In our last blog post we introduced our problem set, loaded in our data, and performed some initial review and preparation. This week, let's dig into the data a bit more and get a sense for what we're working with - this process is called Exploratory Data Analysis.
To review last post's progress, we:
- prepared our environment
- loaded our base data
- took a high level look at the data
- formulated some initial impressions about what we're working with
- split our data into a train set and a test set
In this post, we will clean up our data, and explore it a bit more to develop the baseline understanding that we need to develop an effective model.
Clean Data
First things first, let's clean up the data that we loaded at the end of last week.
Drop Data
The primary thing that we will do is remove data that we don't want to work with.
Some of our data sources may not contain values for Alaska, Hawaii, or Puerto Rico - in particular, it easier to work with Multi-Resolution Land Characteristics data for the continental United States, than to include Alaska, Hawaii, and Purto Rico. To simplify the problem set a bit, let's remove data from those states from both our train and test sets.
for key, dataframe in fires_df.items():
drop_index = fires_df[key][
(fires_df[key].STATE == "AK") |
(fires_df[key].STATE == "PR") |
(fires_df[key].STATE == "HI")].index
fires_df[key].drop(drop_index, inplace=True)
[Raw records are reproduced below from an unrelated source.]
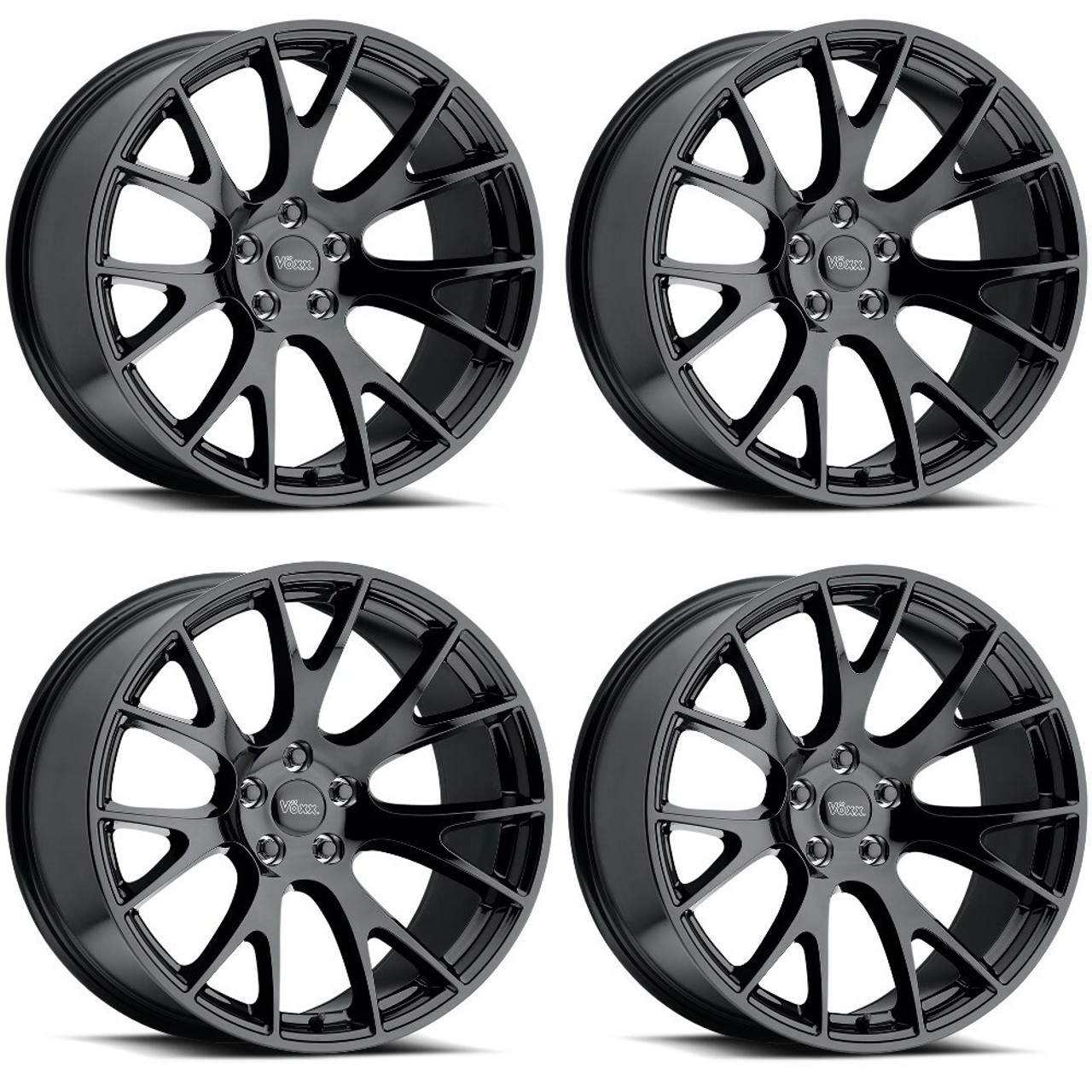 Set 4 22" Voxx Replica Hellcat Gloss Black Wheels 22x9 5x5 20mm Rims Set 4 22" Voxx Replica Hellcat Gloss Black Wheels 22x9 5x5 20mm Rims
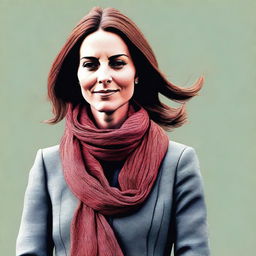 A high-quality digital art piece, portraying Kate Middleton in the attire of a Syrian refugee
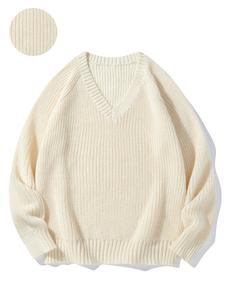 Men's Solid Raglan Sleeve V Neck Sweater, Regular Fit Casual Long Sleeve Jumper for Fall & Winter, Men's Knitwear for Daily Wear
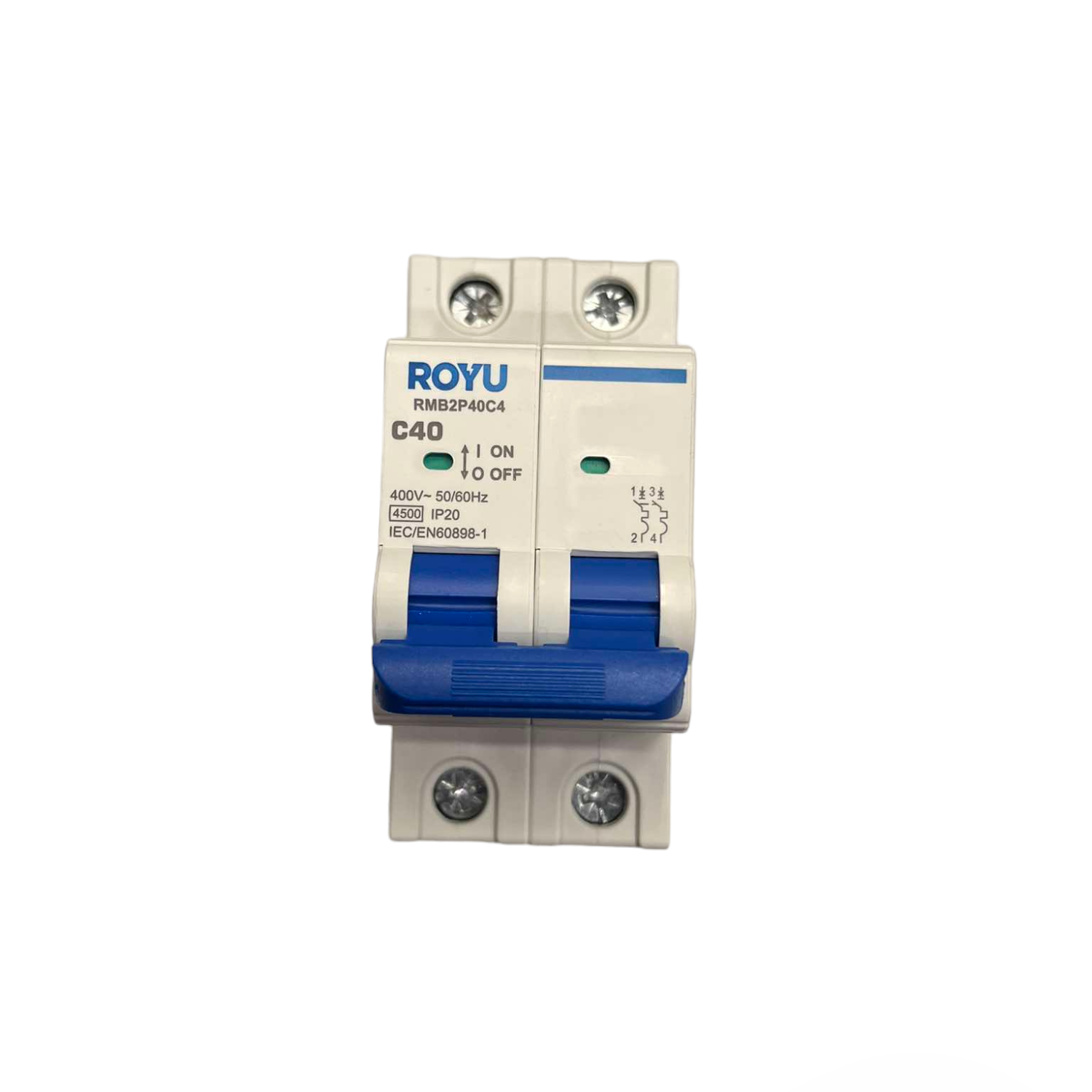 Electrical circuit breaker with 'ROYU' branding on a white background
Since we're building a model to predict the cause of a wildfire, fires whose cause is unknown to us is not very interesting. Let's drop it.
for key, dataframe in fires_df.items():
drop_index = fires_df[key][
(fires_df[key].STAT_CAUSE_CODE == 9.0) |
(fires_df[key].STAT_CAUSE_CODE == 13.0)].index
fires_df[key].drop(drop_index, inplace=True)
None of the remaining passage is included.